Information provided |
□ □ □ □
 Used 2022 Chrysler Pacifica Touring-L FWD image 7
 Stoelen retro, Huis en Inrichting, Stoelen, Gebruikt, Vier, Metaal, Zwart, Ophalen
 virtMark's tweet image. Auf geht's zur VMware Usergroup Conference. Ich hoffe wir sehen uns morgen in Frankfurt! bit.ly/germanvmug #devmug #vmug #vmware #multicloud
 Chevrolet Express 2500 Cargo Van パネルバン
□ □ □ □
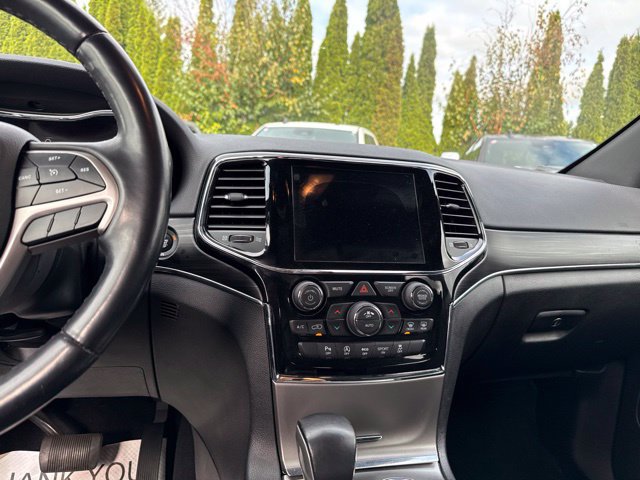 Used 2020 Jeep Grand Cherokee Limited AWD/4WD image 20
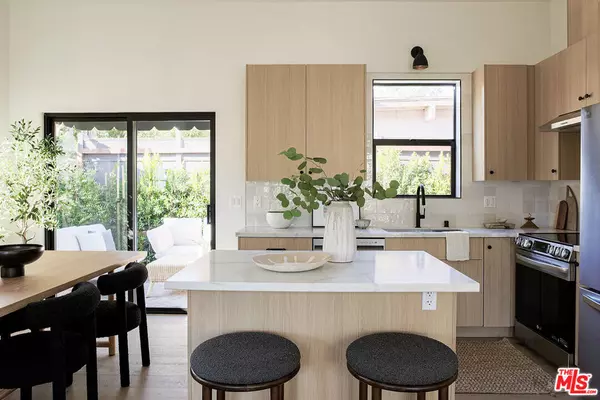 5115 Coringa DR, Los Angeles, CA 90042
□ □ □ □
Working from the entries above, please transcribe only the lines from the line with "Used 2020 Jeep" through the line with "5115 Coringa DR, Los Angeles, CA 90042", exactly, with both end lines and without pictures.

 Used 2020 Jeep Grand Cherokee Limited AWD/4WD image 20
 5115 Coringa DR, Los Angeles, CA 90042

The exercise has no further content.